Initiée par les organisateurs du Festival western de St-Tite, la tournée St-Tite sur la route, qui met en vedette le chanteur de Niagara Falls, a débuté samedi à Drummondville et se terminera samedi prochain à Trois-Rivières après s’être arrêtée à Saint-Hyacinthe, Gatineau, Québec et La Baie.

Entouré de cinq musiciens, Hicks a enfilé ses hits au grand galop. D’entrée de jeu, il a lancé Shake these Walls non sans avoir salué la foule en français, chose qu’il a d’ailleurs faite à plusieurs reprises pendant la soirée.

Il a ensuite fait entendre les premiers riffs de Slow Burn et la foule de la salle Odyssée s’est levée d’un bond. Les mains dans les airs, entonnant tous les refrains avec le cowboy de Niagara, les spectateurs se sont déchaînés. Après trois chansons, Hicks s’est même demandé ce qui se passait à Gatineau pour qu’un lundi soir, les gens soient aussi en feu. « Vous ne travaillez pas demain ? »

Offrant près de 90 minutes de show sans interruption (on en aurait franchement pris beaucoup plus), Tim Hicks a enchaîné Hell Raisin’ Good Times, So Do I, Let’s Just Drunk, Young, Alive and In Love, Dust and Bone, Slide Over, She Don’t Drink Whiskey Anymore, Worry about Me, Got a Feeling, Stompin’ Ground, Get By et Here Comes the Thunder.

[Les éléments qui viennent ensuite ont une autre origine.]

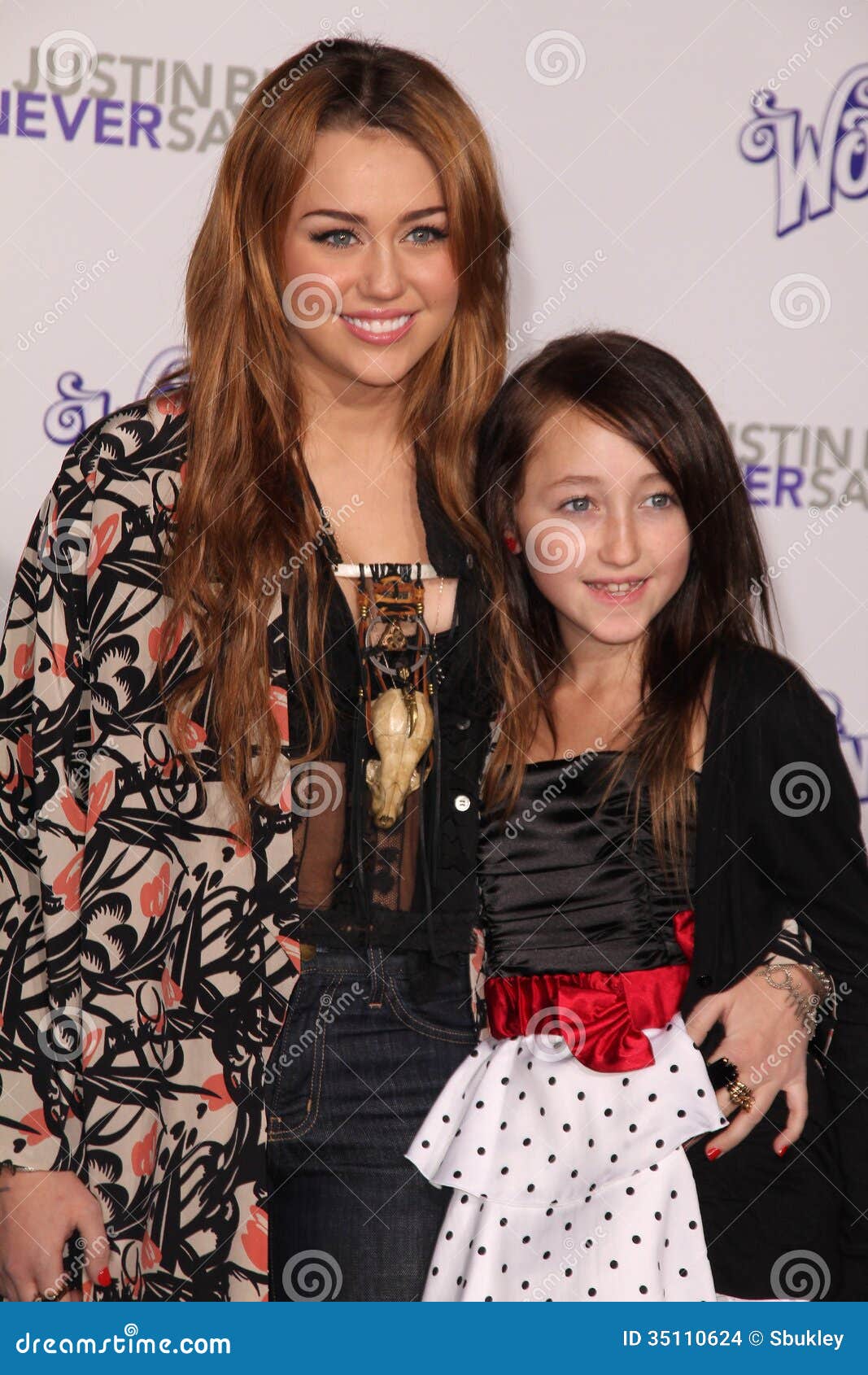 Miley Cyrus, Justin Bieber, Noah Cyrus Imagen de archivo editorial - Imagen  de cirus, noé: 35110624, image size:1067x1690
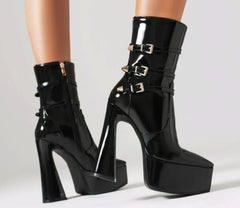 Combat Chunky Pointed Toe Gothic Platform Boot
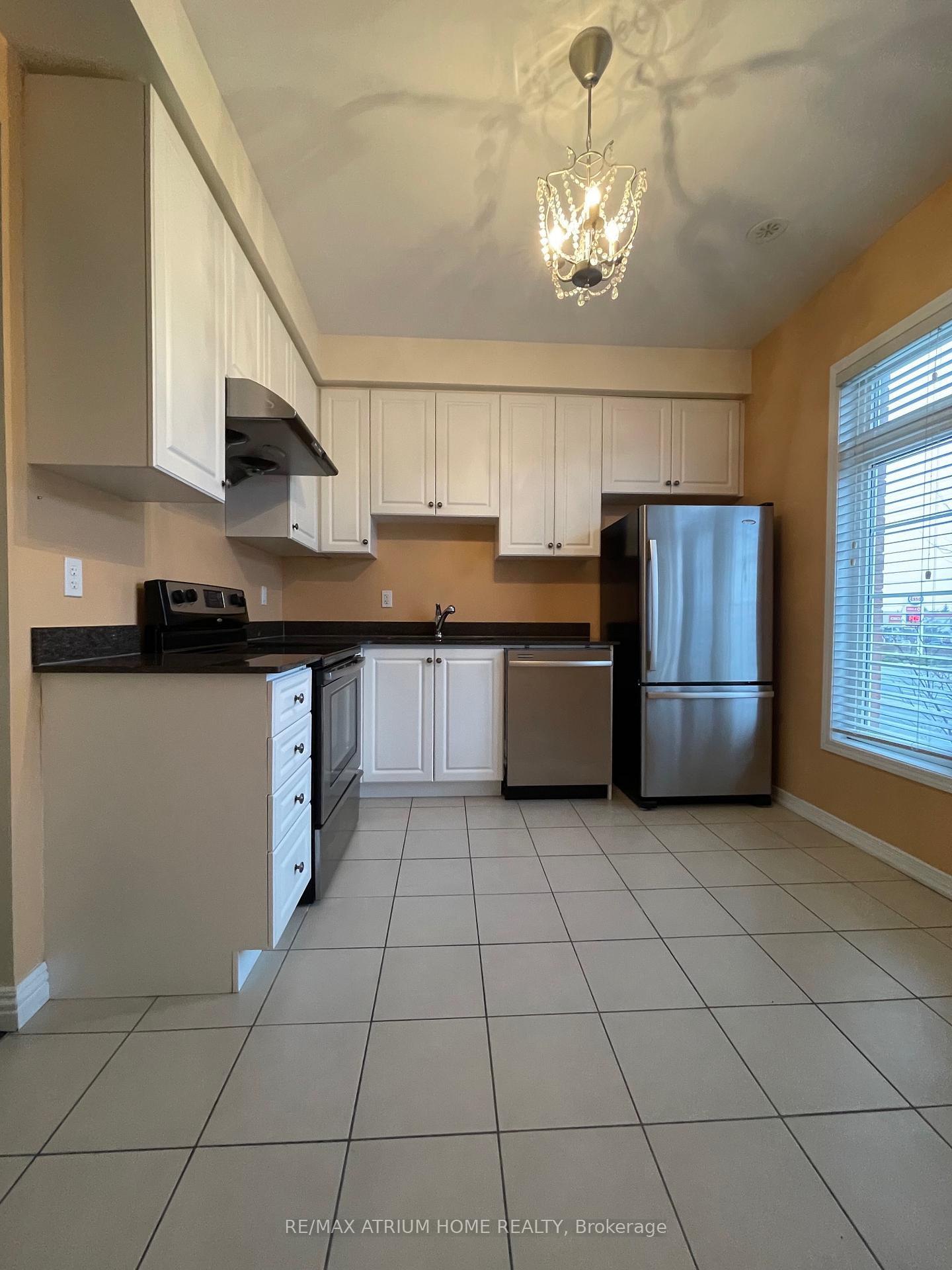 Photo 4 of 46 Beehive Lane, Markham, Wismer — HOMEH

En rappel, la foule a scandé Stronger Beer jusqu’à ce que le chanteur revienne sur scène pour interpréter son grand succès. Il a mis fin à cette soirée avec Forever Rebel, au grand plaisir d’une salle Odyssée bien remplie, même s’il restait quelques bons sièges.

J’avoue que de présenter un spectacle de new country à la Maison de la culture a de quoi surprendre. Mais ne dit-on pas que la musique country est le style le plus « écouté » sur la planète ? Si cela est vrai, il est aussi vrai que la musique country rassemble et la preuve en a encore été faite lundi soir.

Faut dire aussi que les fans de musique country n’ont rien à envier aux amateurs de rock quant à leur enthousiasme et leur goût de faire la fête. Si on avait pu enlever quatre rangées de sièges, on aurait certainement assisté à un record de danse en ligne.

Dans la foule
Près de ses fans, Hicks s’est rendu dans la foule à deux reprises. Une première fois lors de son solo de guitare dans la pièce Dust and Bone, laissant même quelques spectateurs «piquer» les cordes de sa guitare. Plus tard, il y est retourné pendant Got a Feeling pour prendre quelques selfies et signer des autographes. Beau moment de communion avec son public.

La musique a pris toute la place lors de cette soirée forte en décibels et en sourires, et on ne s’en plaindra pas. Ça aussi, c’est l’essence du country.

Tout ce que les fans veulent maintenant, c’est que la Maison de la culture remette ça. Est-ce qu’il aurait fallu que j’enfile mes bottes Boulet et mon Stetson ? J’aurais peut-être dû parce que, lundi soir, la salle Odyssée avait des allures de bar enflammé de Nashville où la musique et la joie de vivre sont omniprésentes.

Une belle découverte
En première partie, Allison Fortier, une artiste de la relève du new country au Québec a offert quelques pièces de son répertoire. La jeune auteure-compositrice originaire de Val-d’Or et ses trois musiciens ont réussi à soulever une foule avec un medley de classiques du country. Une belle découverte.